• **GOAL OF THE EXERCISE**: Here are the records. Write out exactly the lines between the one holding "e 2 vagasSala" and the one holding "Samsung Galaxy S8", inclusive.

• **Collected data entries**:

········

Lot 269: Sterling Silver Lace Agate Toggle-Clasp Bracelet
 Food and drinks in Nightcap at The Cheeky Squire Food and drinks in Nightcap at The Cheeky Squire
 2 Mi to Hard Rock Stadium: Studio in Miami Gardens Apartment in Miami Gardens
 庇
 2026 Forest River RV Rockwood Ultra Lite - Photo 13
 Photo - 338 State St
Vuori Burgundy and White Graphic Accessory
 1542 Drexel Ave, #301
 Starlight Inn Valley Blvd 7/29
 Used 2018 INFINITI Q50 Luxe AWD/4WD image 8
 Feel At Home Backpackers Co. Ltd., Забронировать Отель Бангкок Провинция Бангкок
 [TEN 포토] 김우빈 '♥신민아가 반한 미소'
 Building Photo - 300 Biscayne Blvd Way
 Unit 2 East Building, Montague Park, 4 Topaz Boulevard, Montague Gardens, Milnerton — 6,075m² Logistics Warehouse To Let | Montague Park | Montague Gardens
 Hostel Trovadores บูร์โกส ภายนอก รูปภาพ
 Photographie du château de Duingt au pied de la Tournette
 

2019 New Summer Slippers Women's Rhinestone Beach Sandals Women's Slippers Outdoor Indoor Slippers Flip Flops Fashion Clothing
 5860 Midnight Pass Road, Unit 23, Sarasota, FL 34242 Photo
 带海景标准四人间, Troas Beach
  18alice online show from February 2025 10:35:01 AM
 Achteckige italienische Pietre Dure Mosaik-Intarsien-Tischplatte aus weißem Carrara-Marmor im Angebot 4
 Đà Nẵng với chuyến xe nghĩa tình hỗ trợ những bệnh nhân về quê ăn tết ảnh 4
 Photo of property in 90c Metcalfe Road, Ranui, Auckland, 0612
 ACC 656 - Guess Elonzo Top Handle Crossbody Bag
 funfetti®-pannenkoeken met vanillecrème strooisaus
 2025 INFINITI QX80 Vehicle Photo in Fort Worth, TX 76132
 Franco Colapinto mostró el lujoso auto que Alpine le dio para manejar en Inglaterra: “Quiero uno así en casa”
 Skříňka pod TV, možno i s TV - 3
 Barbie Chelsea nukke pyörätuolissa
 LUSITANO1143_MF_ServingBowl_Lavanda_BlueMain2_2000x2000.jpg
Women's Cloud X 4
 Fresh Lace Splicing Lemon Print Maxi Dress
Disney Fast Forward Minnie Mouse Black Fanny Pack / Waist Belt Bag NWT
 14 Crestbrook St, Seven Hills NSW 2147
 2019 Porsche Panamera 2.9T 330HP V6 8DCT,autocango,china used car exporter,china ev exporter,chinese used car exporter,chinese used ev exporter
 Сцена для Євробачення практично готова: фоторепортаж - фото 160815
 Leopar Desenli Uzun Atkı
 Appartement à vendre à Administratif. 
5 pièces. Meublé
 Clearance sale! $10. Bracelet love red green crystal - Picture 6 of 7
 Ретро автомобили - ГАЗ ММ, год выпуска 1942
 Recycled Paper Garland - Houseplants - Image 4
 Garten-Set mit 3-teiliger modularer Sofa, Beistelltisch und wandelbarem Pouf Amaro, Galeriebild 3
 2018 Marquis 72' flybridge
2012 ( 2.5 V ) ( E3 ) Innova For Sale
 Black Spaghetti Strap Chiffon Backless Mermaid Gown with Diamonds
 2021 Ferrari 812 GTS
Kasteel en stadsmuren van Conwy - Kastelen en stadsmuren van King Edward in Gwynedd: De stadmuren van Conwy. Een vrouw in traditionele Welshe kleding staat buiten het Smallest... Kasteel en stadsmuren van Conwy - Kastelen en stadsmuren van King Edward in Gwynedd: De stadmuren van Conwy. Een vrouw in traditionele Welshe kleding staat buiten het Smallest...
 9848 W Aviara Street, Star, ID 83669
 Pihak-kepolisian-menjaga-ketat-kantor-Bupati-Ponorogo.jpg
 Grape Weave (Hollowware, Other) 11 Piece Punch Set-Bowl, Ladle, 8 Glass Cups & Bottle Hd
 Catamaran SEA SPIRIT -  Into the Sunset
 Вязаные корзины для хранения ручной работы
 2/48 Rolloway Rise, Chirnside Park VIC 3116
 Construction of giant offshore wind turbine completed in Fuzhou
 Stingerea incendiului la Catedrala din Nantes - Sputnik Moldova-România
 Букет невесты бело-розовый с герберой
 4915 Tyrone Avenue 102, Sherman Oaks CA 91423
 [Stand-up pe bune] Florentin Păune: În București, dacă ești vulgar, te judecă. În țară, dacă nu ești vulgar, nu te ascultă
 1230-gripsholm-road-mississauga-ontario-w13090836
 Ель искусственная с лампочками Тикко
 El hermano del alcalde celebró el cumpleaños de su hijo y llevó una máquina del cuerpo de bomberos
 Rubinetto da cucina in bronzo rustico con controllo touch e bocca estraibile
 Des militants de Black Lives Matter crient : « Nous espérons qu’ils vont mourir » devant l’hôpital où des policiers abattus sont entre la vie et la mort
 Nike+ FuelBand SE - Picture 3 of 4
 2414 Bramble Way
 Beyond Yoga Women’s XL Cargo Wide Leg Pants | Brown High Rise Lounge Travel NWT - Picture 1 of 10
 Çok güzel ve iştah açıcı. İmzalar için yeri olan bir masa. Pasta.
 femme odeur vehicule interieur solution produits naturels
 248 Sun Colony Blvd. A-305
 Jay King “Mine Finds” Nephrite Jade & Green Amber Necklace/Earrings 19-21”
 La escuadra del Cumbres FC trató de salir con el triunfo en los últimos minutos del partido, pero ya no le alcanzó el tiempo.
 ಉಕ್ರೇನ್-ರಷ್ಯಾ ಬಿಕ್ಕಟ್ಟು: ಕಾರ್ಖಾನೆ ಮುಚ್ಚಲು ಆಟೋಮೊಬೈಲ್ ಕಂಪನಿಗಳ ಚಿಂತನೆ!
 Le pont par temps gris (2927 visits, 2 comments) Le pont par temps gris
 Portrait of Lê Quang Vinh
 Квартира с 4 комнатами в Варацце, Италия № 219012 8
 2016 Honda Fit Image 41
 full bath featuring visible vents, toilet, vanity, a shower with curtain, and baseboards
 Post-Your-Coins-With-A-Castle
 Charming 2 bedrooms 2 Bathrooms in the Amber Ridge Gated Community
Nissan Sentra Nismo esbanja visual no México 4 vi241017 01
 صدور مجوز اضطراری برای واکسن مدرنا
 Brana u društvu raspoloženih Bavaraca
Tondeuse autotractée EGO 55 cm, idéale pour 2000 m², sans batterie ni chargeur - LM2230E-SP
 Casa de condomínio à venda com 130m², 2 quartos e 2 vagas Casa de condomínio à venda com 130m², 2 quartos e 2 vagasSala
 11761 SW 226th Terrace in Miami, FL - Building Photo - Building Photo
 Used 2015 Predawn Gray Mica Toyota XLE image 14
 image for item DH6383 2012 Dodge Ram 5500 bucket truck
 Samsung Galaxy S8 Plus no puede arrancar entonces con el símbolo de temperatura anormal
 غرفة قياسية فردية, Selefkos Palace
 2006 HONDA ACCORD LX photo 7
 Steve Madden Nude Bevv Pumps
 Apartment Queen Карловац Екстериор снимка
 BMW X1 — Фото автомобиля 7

········

• **SOLVED EXERCISE**:
 Casa de condomínio à venda com 130m², 2 quartos e 2 vagas Casa de condomínio à venda com 130m², 2 quartos e 2 vagasSala
 11761 SW 226th Terrace in Miami, FL - Building Photo - Building Photo
 Used 2015 Predawn Gray Mica Toyota XLE image 14
 image for item DH6383 2012 Dodge Ram 5500 bucket truck
 Samsung Galaxy S8 Plus no puede arrancar entonces con el símbolo de temperatura anormal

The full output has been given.